DATASET SECTION:
###
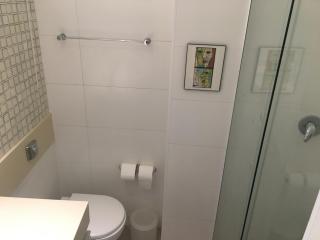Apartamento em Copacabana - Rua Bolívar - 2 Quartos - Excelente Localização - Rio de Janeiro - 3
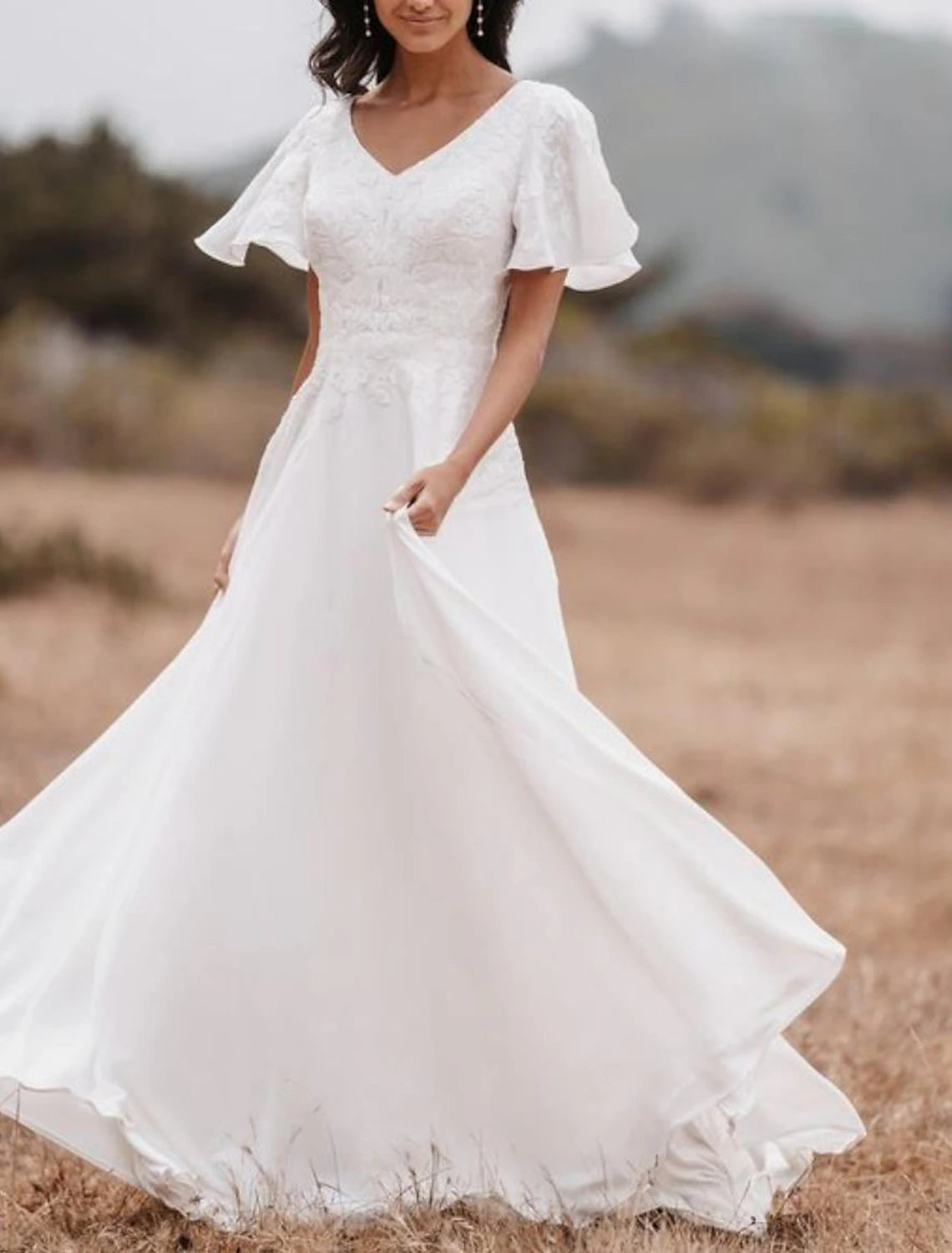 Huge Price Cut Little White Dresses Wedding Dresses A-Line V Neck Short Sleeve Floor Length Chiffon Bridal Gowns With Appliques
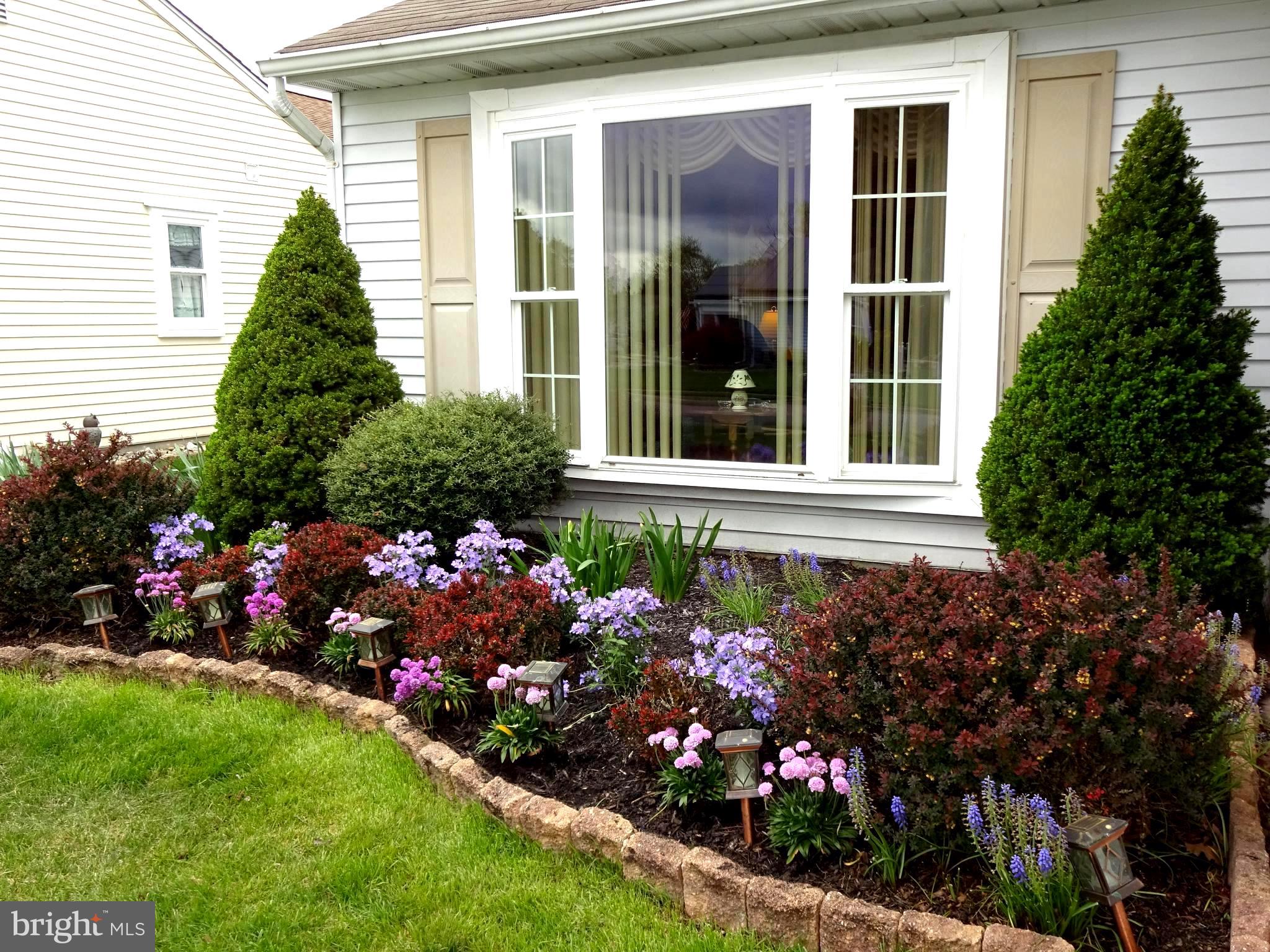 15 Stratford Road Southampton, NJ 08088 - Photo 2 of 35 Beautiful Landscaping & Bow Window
###
Copy the material exactly. Do not include the pictures.

Apartamento em Copacabana - Rua Bolívar - 2 Quartos - Excelente Localização - Rio de Janeiro - 3
 Huge Price Cut Little White Dresses Wedding Dresses A-Line V Neck Short Sleeve Floor Length Chiffon Bridal Gowns With Appliques
 15 Stratford Road Southampton, NJ 08088 - Photo 2 of 35 Beautiful Landscaping & Bow Window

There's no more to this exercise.